All proved to be miserable failures. So yesterday's killings will be billed as a historical reversal of fortunes.

But the questions remain. In a family obsessed ­ with good reason ­ with their own personal security, why were Uday and Qusay together? Why did they allow themselves to be trapped, the two so-called "lions of Iraq" (this courtesy of Saddam) ­ in the very same cage?

Saddam's early life was spent on the run after he tried to assassinate an Iraqi prime minister. He dug a bullet out of his body after being shot. But he always traveled alone. In adversity, the family had learnt to stay apart, just as they had during the 1991 Gulf War and during the invasion of Iraq in March.

Even in power, Saddam and his sons were in hiding.

The American military in Mosul were saying last night that the four Iraqi bodies were "pretty shot up" ­ in other words, they had been shot so many times in the face that they had been disfigured ­ and so another question remains: will Iraqis believe that the corpses really are those of those of Saddam's sons?

And will this bring the guerrilla war to an end?

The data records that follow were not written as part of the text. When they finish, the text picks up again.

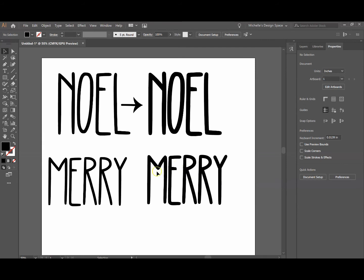Super simple to take a font that you love but might be a little too skinny for your project and fatten it up so that it really adheres well with vinyl. Thanks so much for tuning in and I'll see you back on the next tutorial. Bye!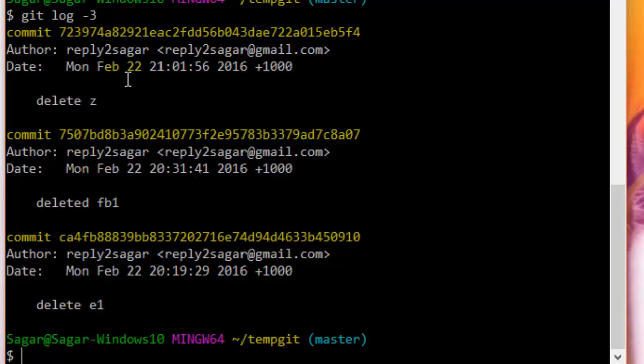only locally, because if you have already pushed your changes to the remote repository and then you want to delete that particular commit, it will be a little bit messy. If other people have pulled those changes and you delete that commit, it will create a problem for others because in their commit history that particular deleted commit will not be available. That's why it is important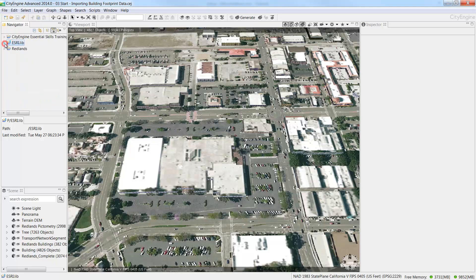If you want to use Level of Detail 3 buildings, like the buildings we saw with Pictometry, have a good use case in mind, because the more detailed your buildings are, the larger the scene will become. In the next video tutorial, we'll look at how we can enrich our scene further by importing tree data and other operational layers.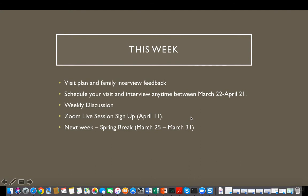This week, I will be providing feedback on the visit plan and family interview questions. I will be aiming to submit the feedback to you by Thursday night. Therefore, you should schedule your visit and interview with the family any time between March 22nd and April 21st, so that you have enough time to work on your assignment.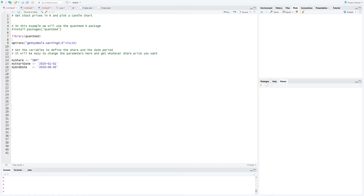We want to ensure that we can run the same code for any stock which we want. Instead of hard coding the name and the dates, we will store them in variables. This makes our code reusable for any stock, and we can simply change the variables and plot the chart for any stock which we want.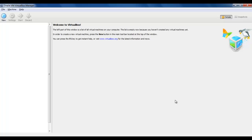Hello guys! Today we will install Linux Ubuntu Server Edition. I have the installation ISO from the Ubuntu website. We will use Oracle VirtualBox Manager, which you can download from virtualbox.org.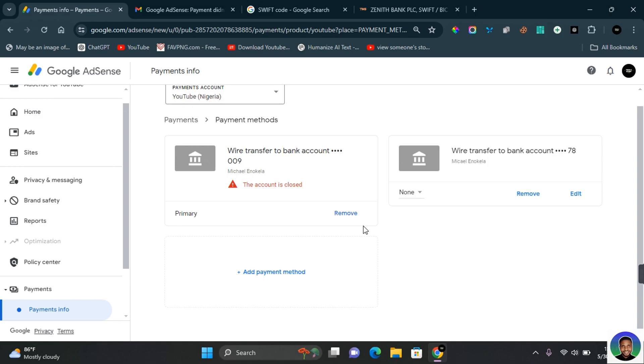Thank you for watching this video on how to fix Google AdSense payment didn't go through, and I hope you found this video helpful. If you do find this video helpful, like and subscribe. I hope to see you guys in my next video.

Even though Uday and Qusay are dead, Saddam is clearly still alive. Though Uday was a cruel man and a psychopath, the sons were appendages to the king, mere assistants in the monster's cave. Saddam lives. And his voice is still heard on tape throughout Iraq. It is of his fate that Iraqis are waiting to hear.

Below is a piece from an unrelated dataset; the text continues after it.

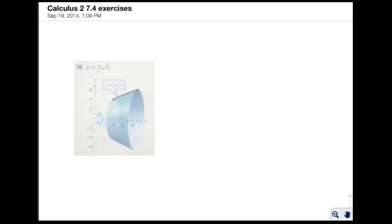This is going to be some examples and practice for you for section 7.4. The first example we're doing is number 38 out of the exercises, and I have the picture here. It is the 2 square root of x curve, and you notice it's highlighted right here. And this is the area, or the section of the curve, that we're going to revolve around the axis and find the surface of revolution area.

Secondly, and far more importantly, there is a fundamental misunderstanding between the American occupation authorities in Iraq and the people whose country they are occupying.

The United States believes that the entire resistance to America's proconsulship of Iraq is composed of "remnants" of Saddam's followers, "dead-enders", "bitter-enders" ­ they have other phrases to describe them.

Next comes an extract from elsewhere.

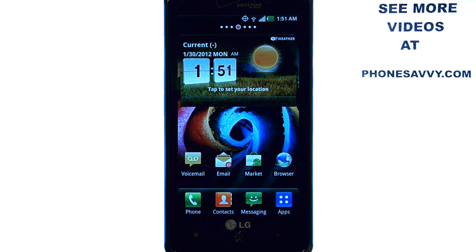Welcome to PhoneSavvy.com smartphone training videos. See more training videos on the LG Spectrum at PhoneSavvy.com.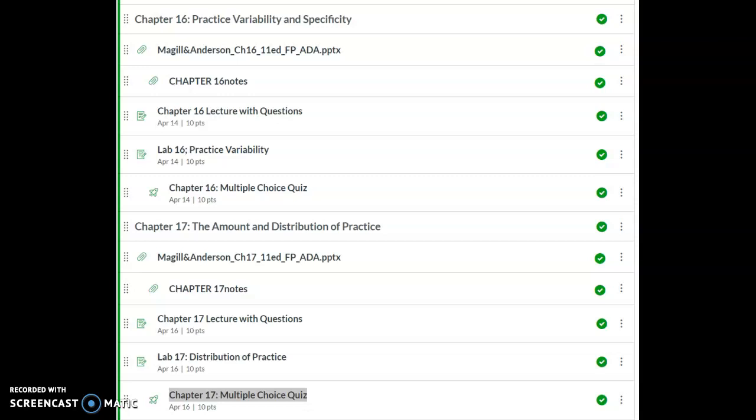For this week, we are going to cover chapters 16 and 17. Tuesday, we'll look at practice variability and specificity. That's chapter 16 in your textbook. Make sure you read the chapter.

Their theory is that once the Hussein family is decapitated, the resistance will end.

But the guerrillas who are killing US troops every day are also being attacked by a growing Islamist Sunni movement that never had any love for Saddam. Much more importantly, many Iraqis were reluctant to support the resistance for fear that an end to American occupation would mean the return of the ghastly old dictator.

If he joins his sons in that special nirvana that the Baath keeps for its children ­ a place of marble palaces and torture chambers, I suspect ­ the chances are that the opposition to the American-led occupation will grow rather than diminish, on the basis that, with Saddam gone, Iraqis will have nothing to lose by fighting the American forces.